### DATA ###

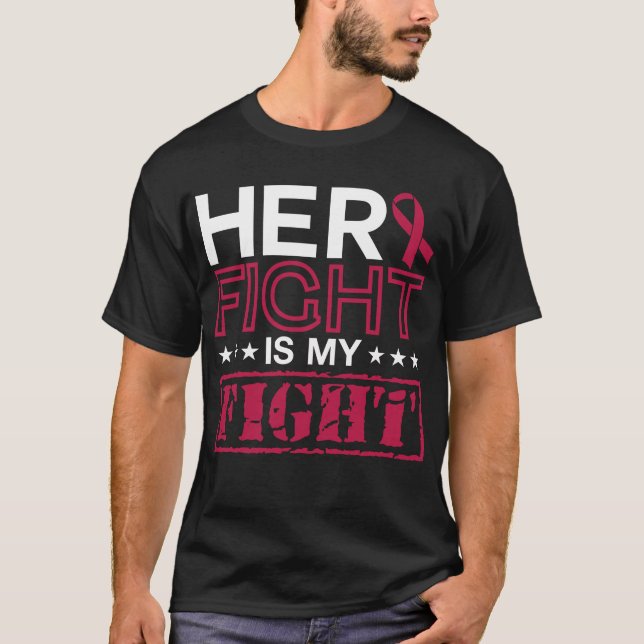 Många Myeloma Medvetenhet om att hennes kamp är mi T Shirt (Framsida)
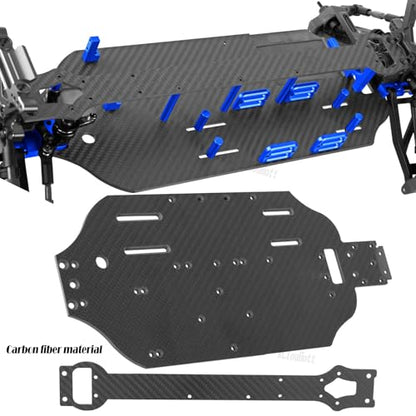 RC Upgrades Part Chassis Protect Armor Skid Plate Guard for 1/10 F0rd F15O Rapt0r R(101076-4),Carbon Fibre hassis Protect Armor Hops Up,Navy Blue - color: Navy Blue-(upgrades）
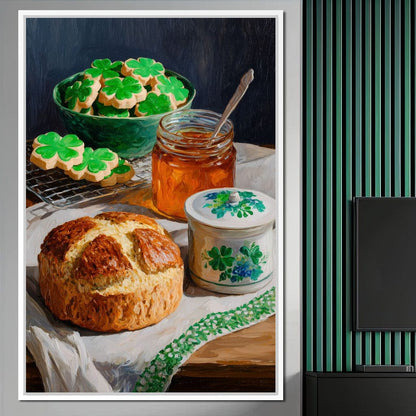 Shamrock Cookies Honey Loaf Canvas Wall Art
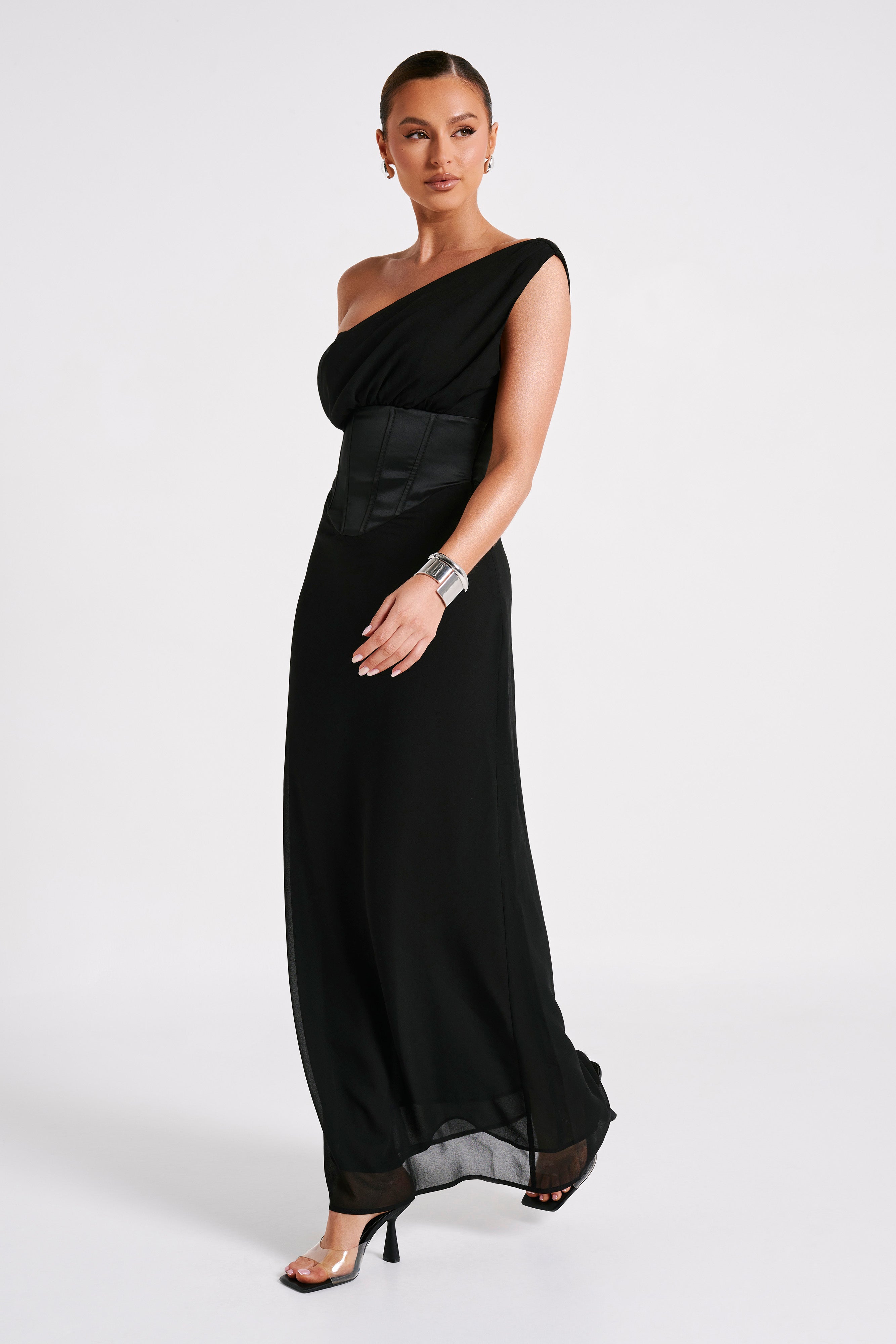MESHKI Courtney Chiffon Maxi Dress - Black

###

Output, exactly and only: the line containing "Shamrock Cookies Honey Loaf Canvas Wall Art", the last line of the listing above, and every line in between. Leave the pictures out.

OUTPUT BELOW.
 Shamrock Cookies Honey Loaf Canvas Wall Art
MESHKI Courtney Chiffon Maxi Dress - Black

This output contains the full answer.